Inequalities are mathematical expressions that compare two values. They express a relationship where one value is either greater than, less than, greater than or equal to, or less than or equal to another value. The inequality symbol signifies this relationship. Here are some common symbols used in inequalities:

• ">" : greater than
• "<" : less than
• "≥" : greater than or equal to
• "≤" : less than or equal to

In our example, the inequality is expressed as \(x > 1\). This indicates that the possible values of \(x\) are greater than 1. It does not, however, include the number 1 itself in the set of values that \(x\) can take. Inequalities are essential in defining ranges of values that satisfy certain conditions, which is why understanding them is critical.

A number line graph is a visual tool used to represent numbers and intervals. It's a straightforward way to visualize an inequality, making the comprehension of solutions easier. When we graph inequalities such as \(x > 1\), it provides a clear image of which numbers belong to the solution set.
To graph the inequality \(x > 1\), we:

• Draw a horizontal line to represent the number line.
• Mark the point where \(x = 1\) on the line.
• Use an open circle to indicate that 1 is not included in the solution.
• Shade or draw an arrow extending to the right, illustrating that \(x\) can be any number greater than 1.

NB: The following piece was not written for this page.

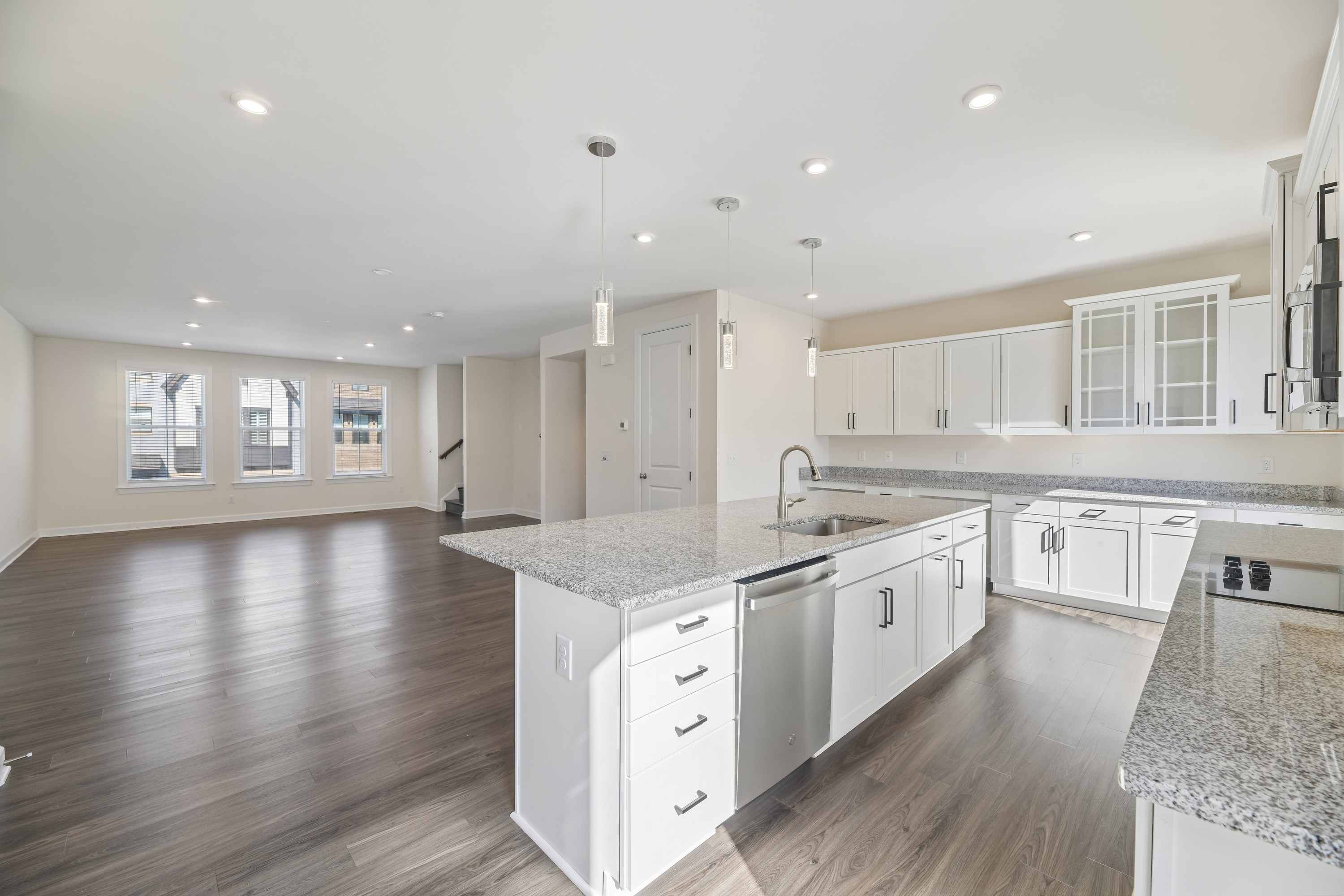 Photo 19 of 60 of 8124 Bock Farm Pl, Alexandria, VA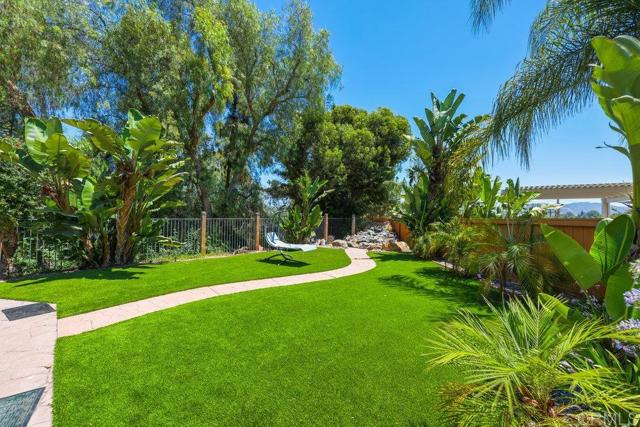 8627 Paseo Del Sol, Santee CA: https://media.crmls.org/mediaz/dd221bf8-cd3e-4868-9753-0af7ca583e9a.jpg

This graph effectively communicates that all numbers greater than 1 are part of the solution, visually reiterating the concept the inequality conveys.

The solution set of an inequality is the collection of all possible values that satisfy the inequality. In mathematical terms, it represents the values of a variable that make the inequality true. For \(x > 1\), the solution set includes all numbers greater than 1.
When expressing the solution set of an inequality, interval notation is often used. This notation is concise and efficient for indicating the range of values. For example, the solution set for \(x > 1\) is written as \((1, \infty)\), where:

• "\((\)" indicates that the endpoint is not included.
• The number "1" is the lower boundary of the interval.
• "\(\infty\)" (infinity) signifies that the interval extends indefinitely.

Interval notation is beneficial as it provides a standard format to represent both finite and infinite ranges, making it easier to read and understand the solution sets of inequalities.